この連載の前身である「橘玲の『不思議の国』探検」の第1回でガラパゴス化した日本の銀行ATMについて書いたのは2009年10月だから、もう4年以上前のことだ(金融サービスも「ガラパゴス」)。

いまでは世界じゅうどこに行っても、クレジットカードでATMから現地通貨を引き出せる。昨年末に北アフリカを旅行したが、サハラ砂漠に近い名も知らぬ町の小さな銀行でもちゃんと日本のカードに対応していた。もっとも3台のATMのうち2台は使いものにならず、ずいぶん時間がかかったけれど。

日本円の現金を海外で両替するのは手数料が高い。そこで旅行前にわざわざトラベラーズチェック(TC)をつくっていたのだが、ATMカードやクレジットカードでの海外キャッシングが当たり前になるとTCは廃れていった。日本でも3月末でアメリカン・エキスプレスがTCの販売を終了し、それにともなって国内の金融機関ではTCを購入できなくなる。

ATMで現地通貨が引き出せるのはグローバルな金融ネットワークがあるからだ。代表的なのはVISAが運営するPLUSとマスターカードが運営するCirrus(シーラス)、それに中国の銀聨(Union Pay)の3つだ。海外のほとんどのATMはPLUSとCirrusに対応し、アジアでは銀聯も使えるようになってきたから、旅行者は手近なATMで現地通貨を引き出すことができてものすごく便利だ。

ところが、この世界の流れ(グローバルスタンダード)から取り残されている国がある。驚くべきことに日本では、支店数もATMの数も多い都市銀行がこれまで国際ネットワークに対応する気がまったくなかった。その結果、日本を訪れた外国人旅行者はどこで日本円を入手していいかわからずおろおろすることになる。

2020年の東京オリンピック開催を機に「おもてなし」が流行語になった。もてなしの基本は相手の立場になることだが、日本国内のカードしか利用できないATMを平然と置いている金融機関は「外国人旅行者にサービスする気はない」といっているのと同じだ。日本のおもてなしは世界一だと自慢するひとたちはしょせん他人事で、銀行を批判しようとはしなかった。
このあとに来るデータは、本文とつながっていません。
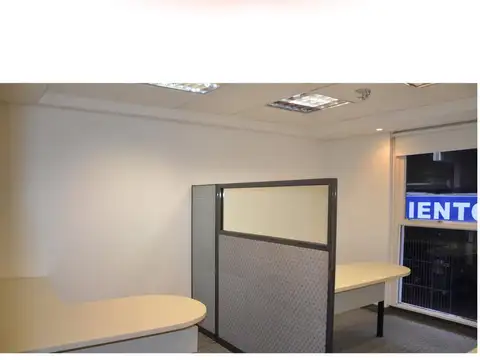 Oficina 11 ambientes con 10 baños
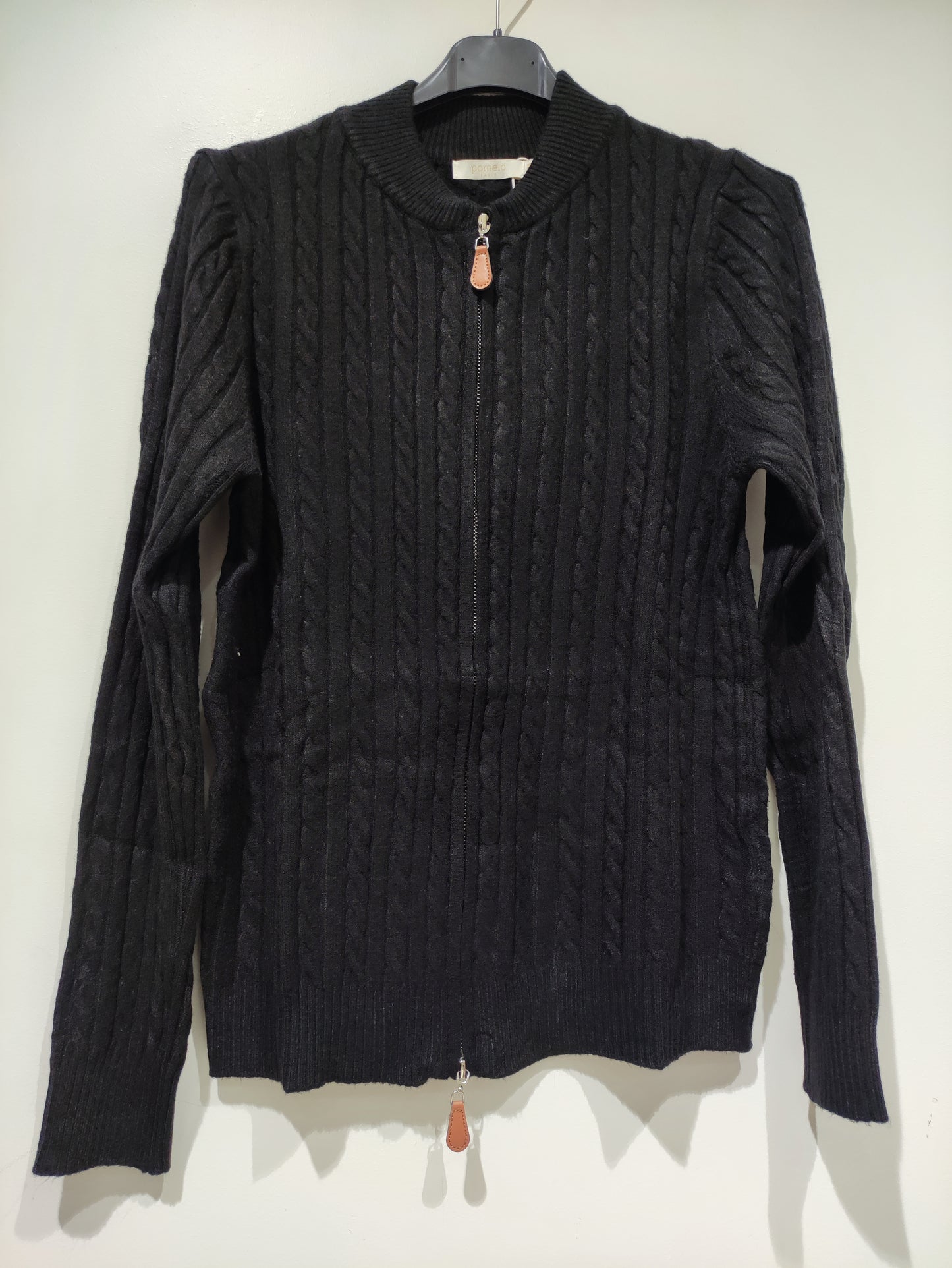 Gilet Zippé en Maille Torsadée Elona - GO2668813 — visuel 15 — Pomelo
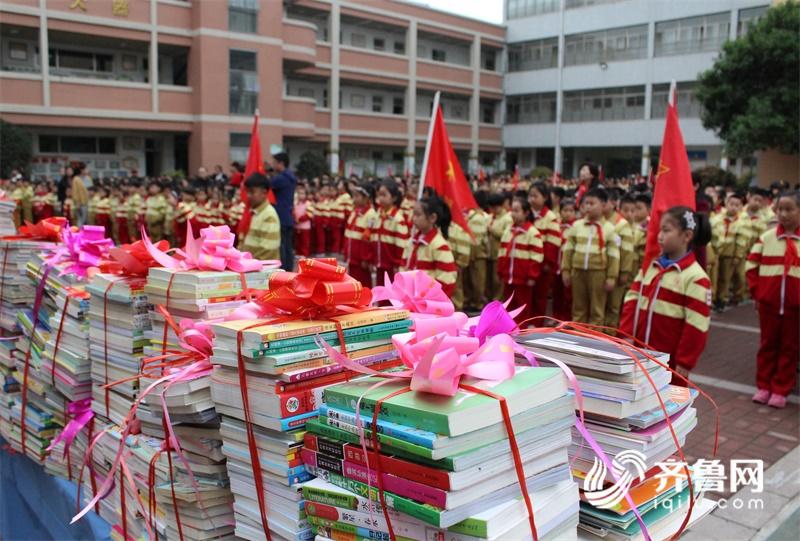 在霍家街小学捐书活动现场，孩子们捐出的爱心图书堆成了小山。（摄影   大众日报  马文青）.jpg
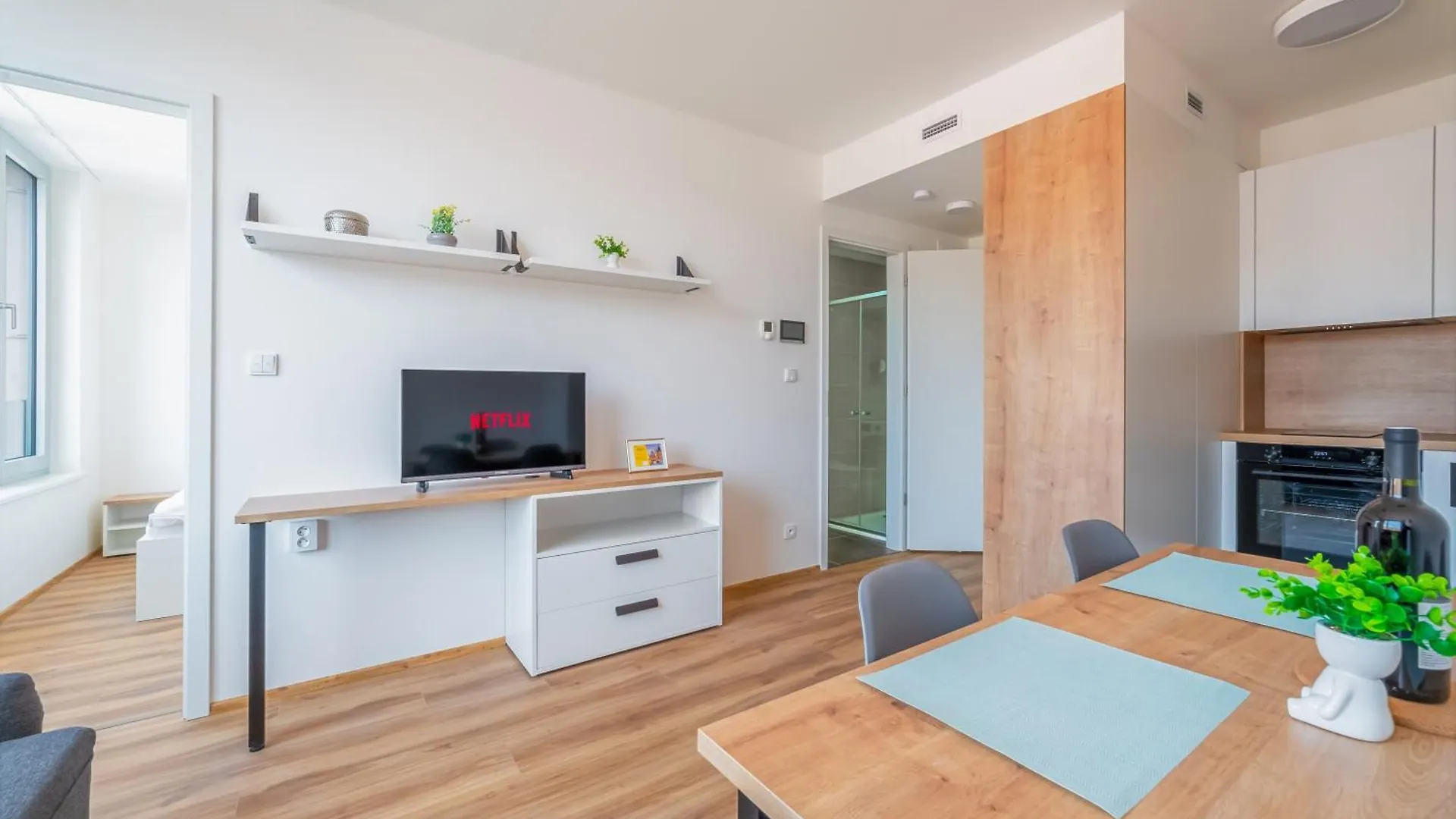 Mymozart Residence By Rentez Prague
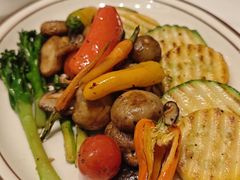 -马克西姆俄罗斯餐厅(通亚街店)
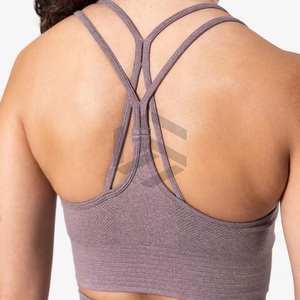Vente directe usine – Ensemble de yoga 2 pièces pour femme, taille haute unie, élastique, respirant, écologique, avec logo frontal, en Spandex/Polyester - Product Image 5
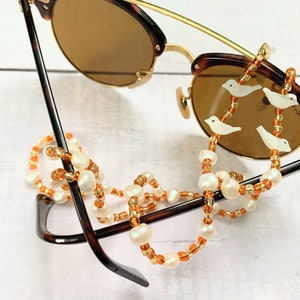Pearl Sunglasses Chain / Bird Glasses Chain / Mother of Pearl Eyeglass Holder / Bird Lover Gift / Eyeglasses Chain
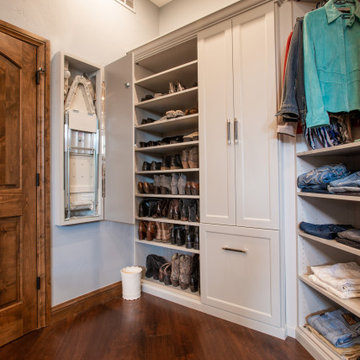 Castle Pines Dressing Room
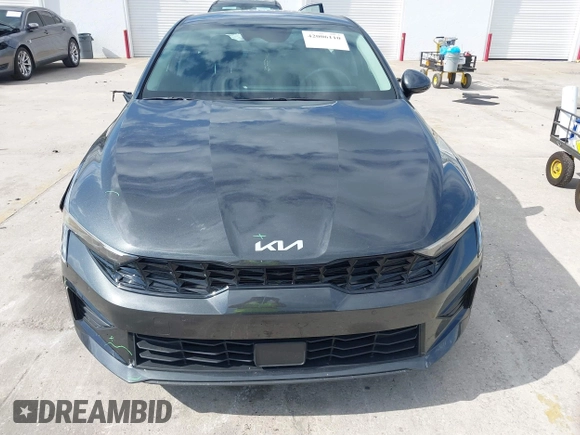 2025 Kia K5 LXS z VIN KNAG24J78S5275906, wystawiony jako IAAI lot #42006110 z przebiegiem 14 391 mil mil oraz . Historia ofert i sprzedaży dostępna na DreamBid. Obrazek 12.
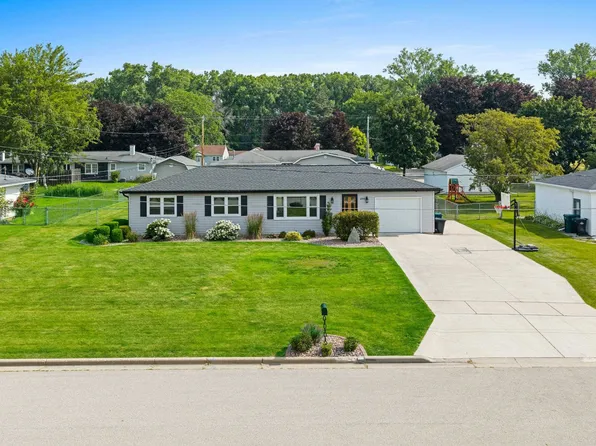 1844 Hazel Ct, Green Bay, WI 54303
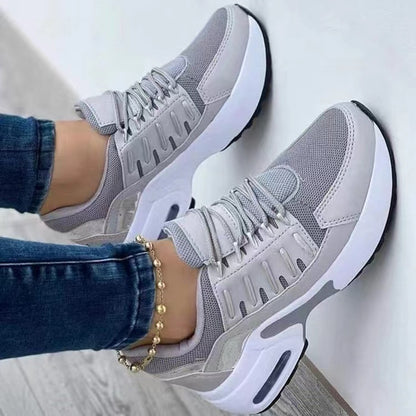 Chaussures de sport contemporaines pour femmes Chic und Stil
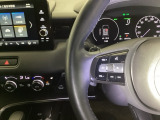 ステアリング左手側にオーディオ関連のコントロールスイッチを配置しています。操作時は視線を逸らすことなく運転に集中できます。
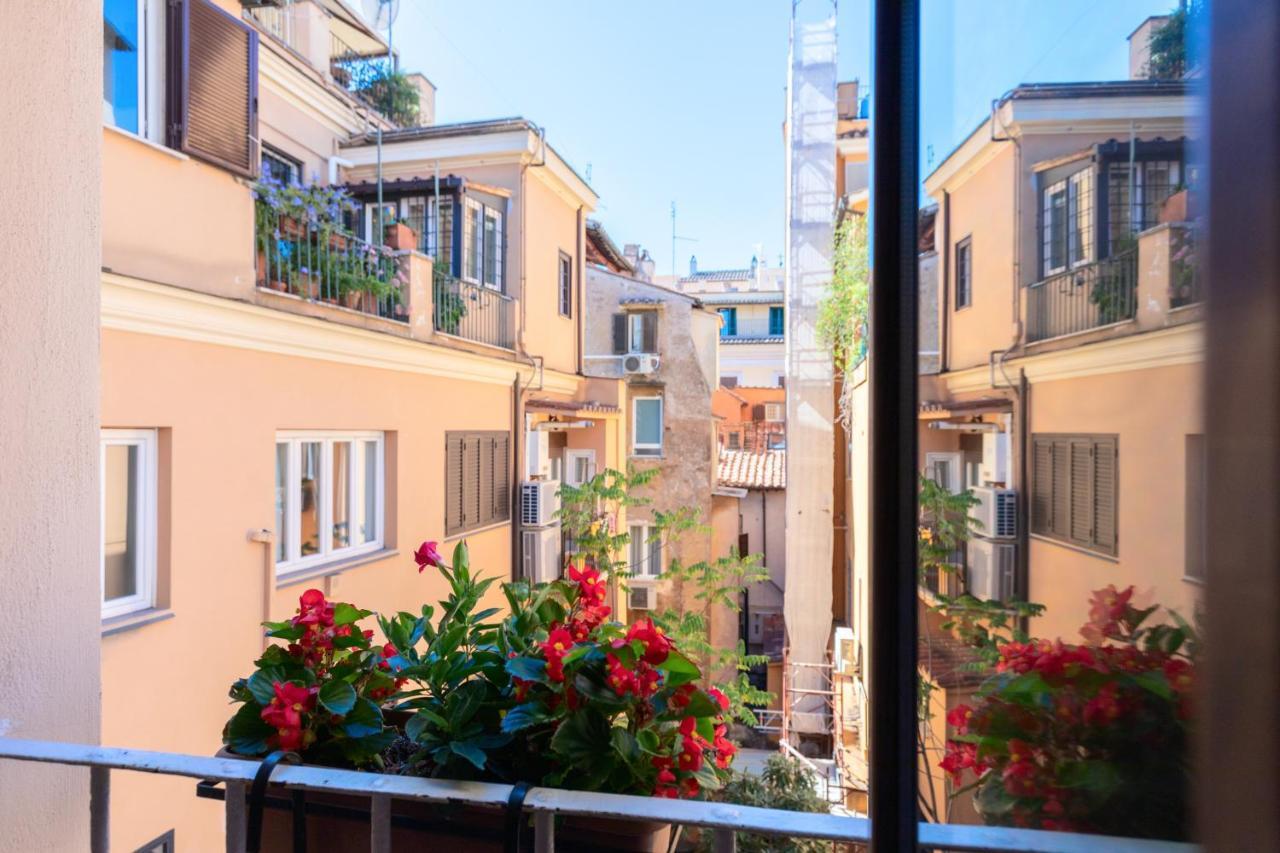 Domus De Fiori Apartment Рим Екстериор снимка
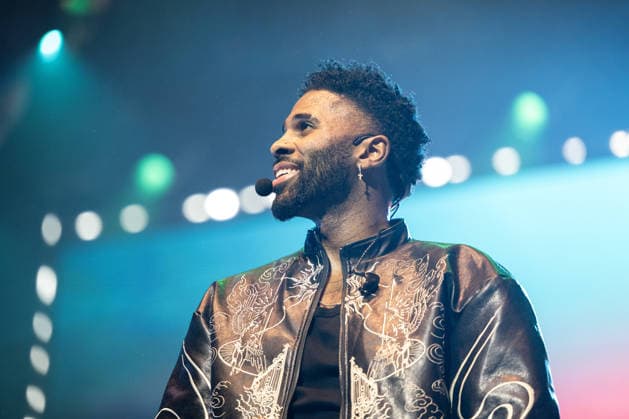 Jason Derulo in concert American singer-songwriter Jason Derulo in concert during his ˜Last Dance World Tour™ at The O2, London London The O2 UK Copyright: xJohnxBarryx JB3_1895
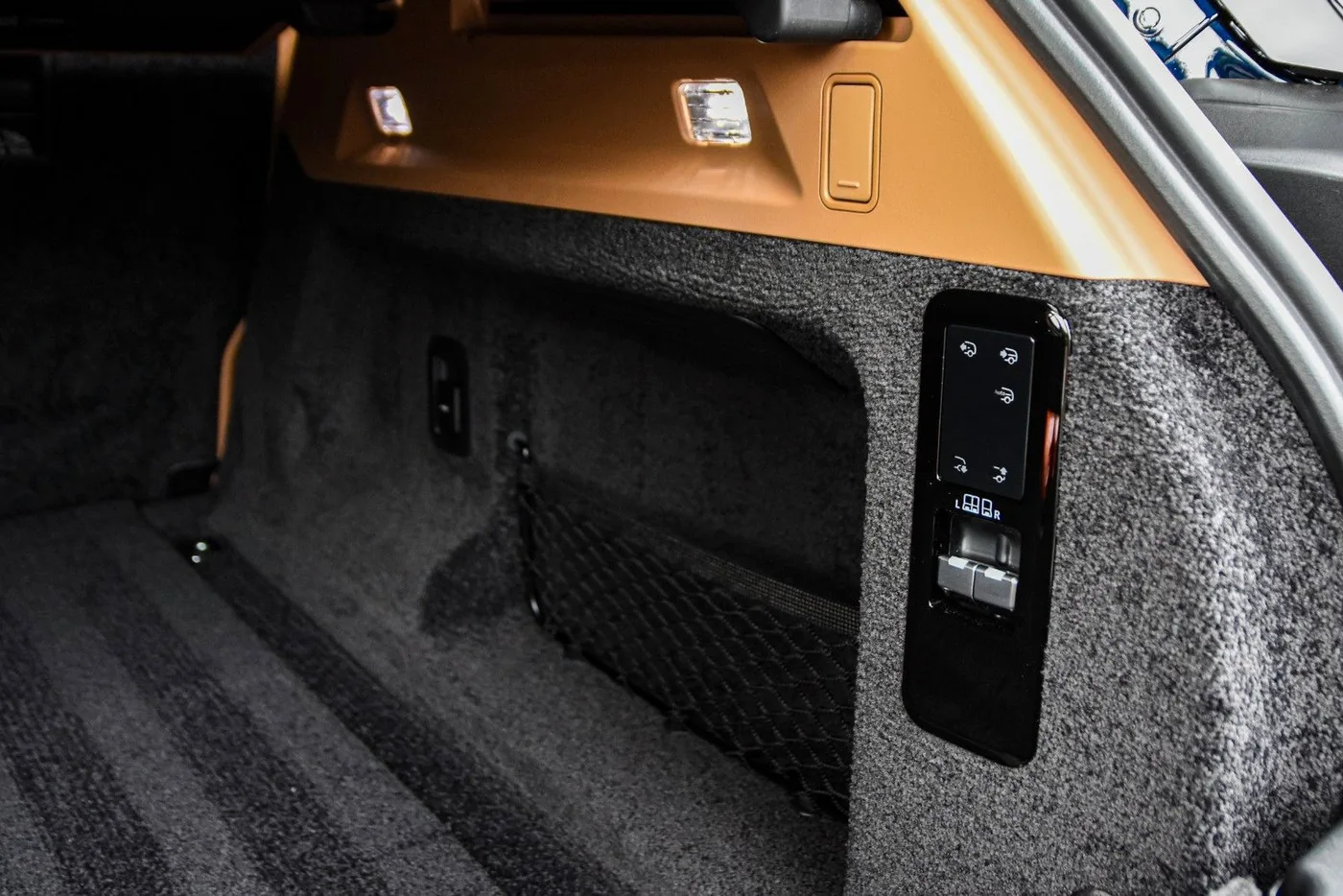 2022 Land Rover Range Rover D300, HSE offered by a supercar dealer in Gronau, Germany, photo 25 of 25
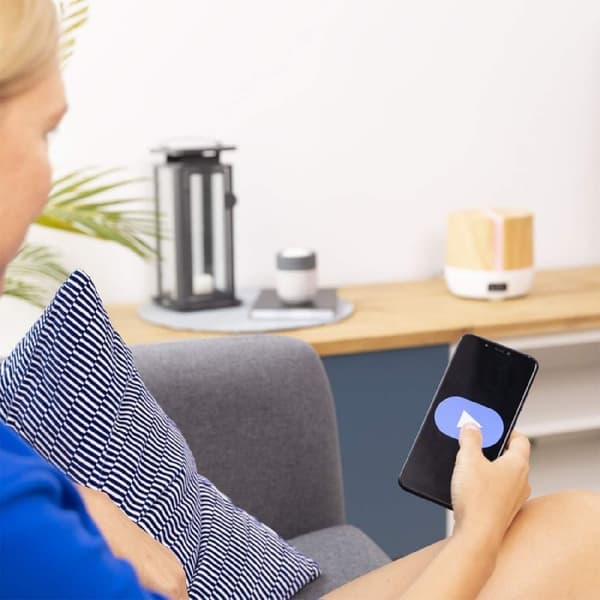 Cecotec Aroma diffuser with 500-ml tank, display, speakers and Bluetooth control.
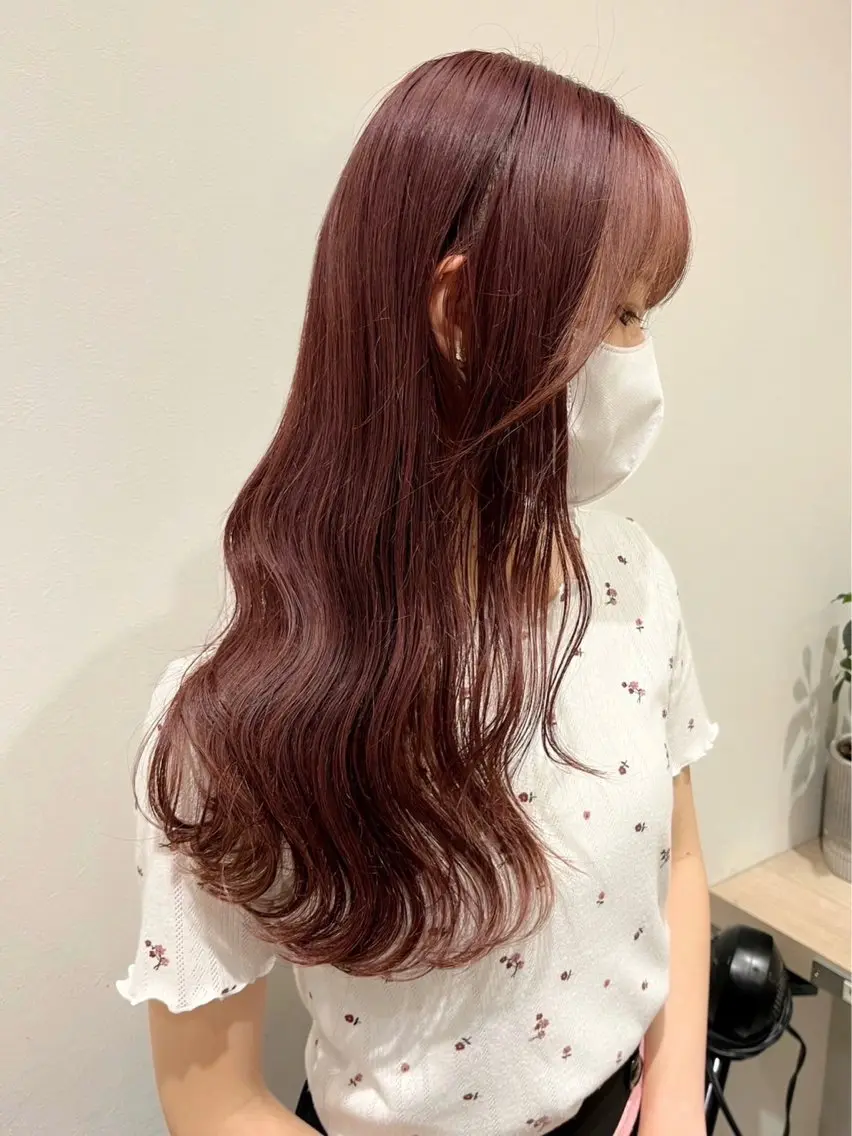 ロング カラー カシス ピンクカラー 菊地 翔太のヘアスタイル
もっとも日本政府が手をこまねいていたわけではない。旅行者からの苦情を受けて、1975年の沖縄国際海洋博を機に全国すべての郵便局(ゆうちょ銀行)のATMを国際対応にしたのだ。しかしその後40年近く、この動きに追随する金融機関はほとんどなかった。

それがようやく、観光庁と日本政府観光局からの依頼を受けて、大手都市銀行が15年中を目処にATMを海外カード対応に変えるという。日本というタコツボに閉じこもっていた彼らも、外国人も顧客だという当たり前のことに気づいたのだろうか。

日本の金融機関を見ていて「不思議」だと思うことがいくつもあるが、4年たってその一つが解決に向かった。もっともこの亀のような歩みからすると、ガラパゴス島から抜け出すのはまだまだ先になりそうだ。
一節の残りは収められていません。